The Company has not declared and, therefore, not paid accumulated
dividends on its Series A preferred stock. Dividends on Series A
preferred stock cannot be declared or paid until the Company has
accumulated profits. If the Company had accumulated profits at
December 31, 1996 and 1995, it would have accumulated dividends
payable on preferred stock in the amounts of $237,838 and $62,745,
respectively. Because the Company has not paid dividends on its
preferred stock, the preferred stock converted from non-voting to
voting preferred stock in April 1996.
On May 20, 1996, the Company issued 9,231 shares of its Series B
Convertible Preferred stock, $1,000 face value, at a discount of
$3,081,000 for net proceeds of $5,098,628, including brokers fees
of $1,051,372. The holder of each issued and outstanding share of
Series B Preferred Stock shall be entitled to receive, when and as
declared by the Board of Directors of the Company, out of the
assets at the time legally available for such purpose, dividends
at a rate of $32.50 per share per annum. No dividends shall be
declared and paid on the Series B Preferred Stock unless all
accrued but unpaid dividends on the Company's existing Series A
Preferred Stock have been declared and paid in cash. Such
dividends are not cumulative. If all shares of Series B Preferred
Stock have not been converted into common stock by April 30, 1997,
such dividends shall begin to accumulate on all shares of Series B
Preferred Stock which remain outstanding at such time.
Upon liquidation, dissolution or winding up of the Company,
holders of Series B Preferred stock are entitled to receive
liquidation distributions equivalent to $1,000 per share before
any distribution to holders of Common Stock. The liquidation
preference of the Series B Preferred Stock shall be junior in
right of payment to the liquidation preference of the Company's
existing class of Series A Preferred Stock. The Series B
Preferred Stock is convertible at any time commencing forty-five
days after the last day on which there is an original issuance of
the Series B Preferred Stock. The conversion price equals the
lesser of the average closing bid for the five days prior to
conversion or $6.05. Each share of Series B Preferred Stock
outstanding on December 31, 1997 automatically shall be converted
into Common Stock on such date at the conversion price then in
effect.
As noted above, the Company issued the Series B Preferred Stock
at a discount of $3,081,000. Since the preferred stock is
convertible at its face amount into Common Stock, the conversion
results in a beneficial conversion feature to the preferred
shareholder. On March 28, 1997, a newly adopted position was
formally issued by the Securities and Exchange Commission which
requires companies to report the value of beneficial conversion
features on preferred stock issued as a dividend to preferred
shareholders. Accordingly, such amount has been reported as a
"deemed dividend on preferred stock" on the Statements of
Operations and Stockholders' Equity (deficit) for 1996.

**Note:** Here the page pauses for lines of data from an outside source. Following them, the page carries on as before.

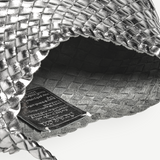KABE SHOP INC Rosanna Bag in metallic silver handwoven buffalo leather with a detailed interior weave and shoulder strap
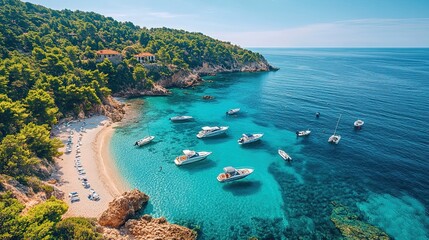 Fototapeta premium Aerial view of a pristine beach with turquoise water, boats docked along the shore 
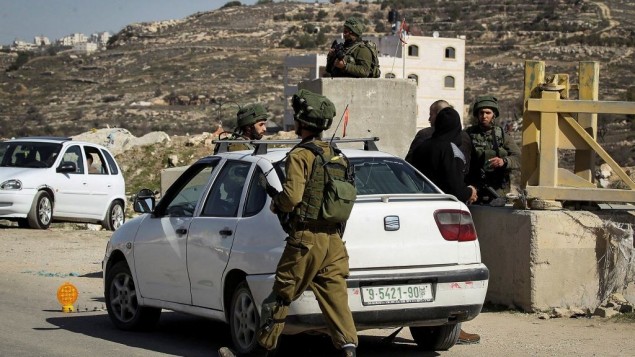 صورة توضيحية: جنود اسرائيليون يفتشون سيارات فلسطينية في حاجز في بلدة يطا بالضفة الغربية، 10 فبراير 2017 (Wisam Hashlamoun/Flash90)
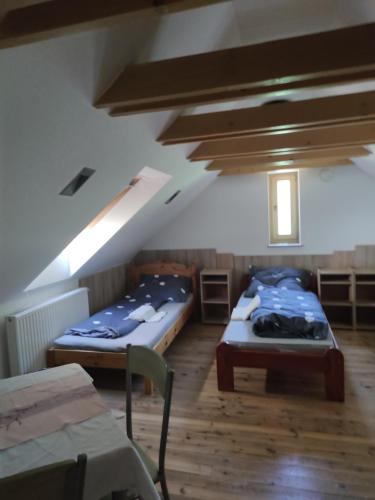 Postel nebo postele na pokoji v ubytování Malomkerék Vendégház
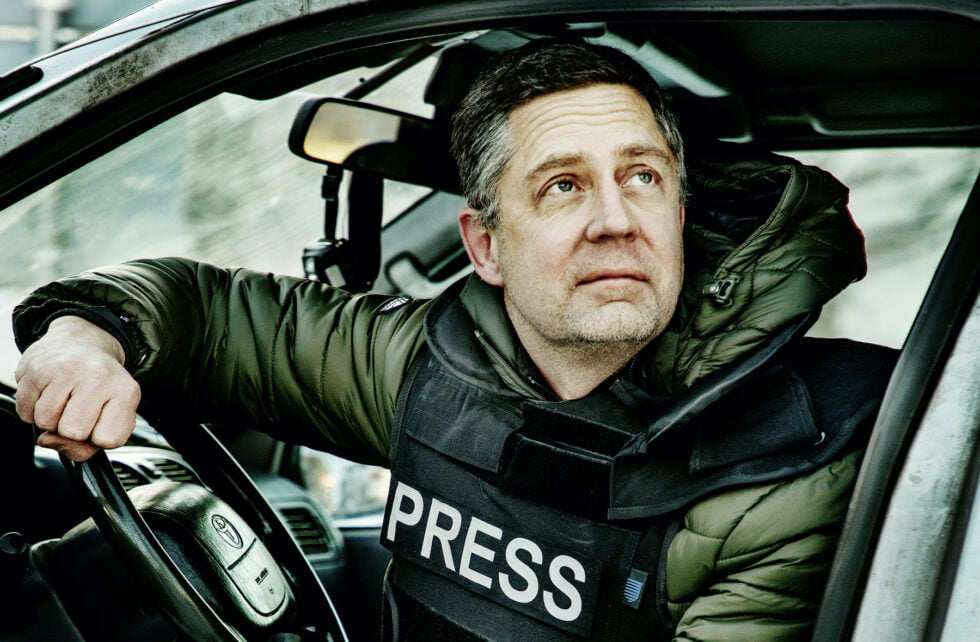 Antti Kuronen istuu auton ratissa luotiliivit päällä, joissa lukee "press"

On January 31, 1997, the Company issued 4,500 shares of its Series
C 3.33% Convertible Preferred stock, $1,000 face value ($4,500,000)
and warrants valued at $750,000 to purchase 501,724 shares of Common
Stock of the Company at prices ranging from $3.00 - $3.65 per share
and are exercisable starting January 27, 1997 through December 31,
2002 for proceeds of $2,900,000, including brokers fees of $100,000.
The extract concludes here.